Memory hierarchy

From Marss86

Contents

Overview

Memory hierarchy.png

Memory hierarchy consits of various storage modules on chip caches like L1, L2 etc with offchip caches and RAM and modules that connect them called interconnects like bus, p2p, ring, switch etc. In Marss we have designed the memory hierarchy that simulate modules like caches, ram and interconnects. Marss provides two basic modules: Controllers and Interconnects. Controllers represents data storage modules like L1, L2 caches. Interconnects provides standred methods to connect various types of controllers. All memory access is done using a MemoryRequest object which contains various information like address, request type, core-id etc.. Communication between controllers and interconnects is done via temporary message objects. To simulate any type of delay like accessing a cache, sending a message etc is done via event-callback mechanism which is handled by global memory hierarchy object.

Memory Request

All memory operations in cache, interconnects and CPU's are identified by a MemoryRequest object which is defined in ptlsim/cache/memoryRequest.(h|cpp) files. When a CPU needs to access memory it initialize a MemoryRequest object with information like physical address, core-id, thread-id, memory access type, etc.. Following code snippet shows how core initialize a memory request.

MemoryRequest and Message
  1. /* First grab a free memory request from request pool */
  2. MemoryRequest* req = memoryHierarchy->get_free_request();
  3.  
  4. /* Initialize the request fields */
  5. request->init(coreid, threadid, physaddr, robid, sim_cycle, is_instruction, 
  6.     rip, uop.uuid, memory_op_type);
  7.  
  8. /* Set request completion signal */
  9. request->set_coreSignal(signal_ptr);
  10.  
  11. /* Send request to memory hierarchy to access the cache */
  12. bool l1_hit = memoryHierarchy->access_cache(request);

To optimize performance Memory Hierarchy contains a pool of memory request objects that are reused. To create a new memory request, cores get MemoryRequest object using get_free_request() function, as shown in line 2. Another advantage of using memory request pool is in debugging, when dump_all_info() is called it dumps the MemoryRequest pool which shows objects which are in use and also those which are free. When a request is freed its content is not destroyed so users can study those free MemoryRequest objects for debugging historical memory requests.
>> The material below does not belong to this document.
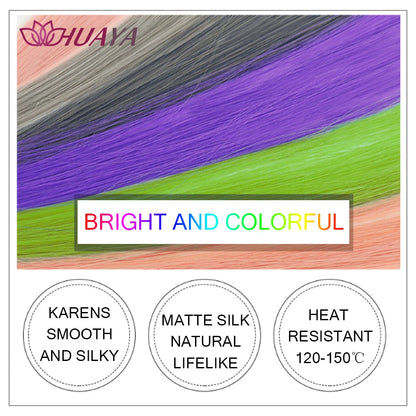 HUAYA Colorful Synthetic Hair Long Straight Hair Strands On Barrettes Clip In Hair Extensions kanekalons Fake Hair Pins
Once a free request is obtained, to initialize its parameters like coreid, threadid, physical-address, operation type, instruction or data type etc. can be set using init(..) function as shown in line 5. In line 9 a core sets a callback signal which is triggered when the memory request is completed. Once all these information is set, we call access_cache function to send the memory request to caches. In case of L1 cache hit, it returns 'true' else returns 'false'. On L1 cache miss, when L1 cache is filled then core-signal is triggered to indicate cache request is completed.

Signal - Event - Callbacks

Marss provides a very basic event based simulation model to simulate a delay. There are 3 components of simulating an event, first you need a Signal object which defines type of event and which function to call when its triggered. Second is a callback function which is called when an event is triggered. Third is adding an event to event queue to execute the callback function after specific delay.

Signal

Signal.png

A Signal object is of type Signal defined in pltsim/lib/superstl.h file.

Signal sample1;

Before using a signal object, you must initialize it by connecting a callback function using Signal::connect function.

sample1.connect(&callback_fn);

To connect functions of a C++ class, you need to use signal_mem_ptr function as shown below:

sample1.connect(sigal_mem_ptr(*this, &callback_fn))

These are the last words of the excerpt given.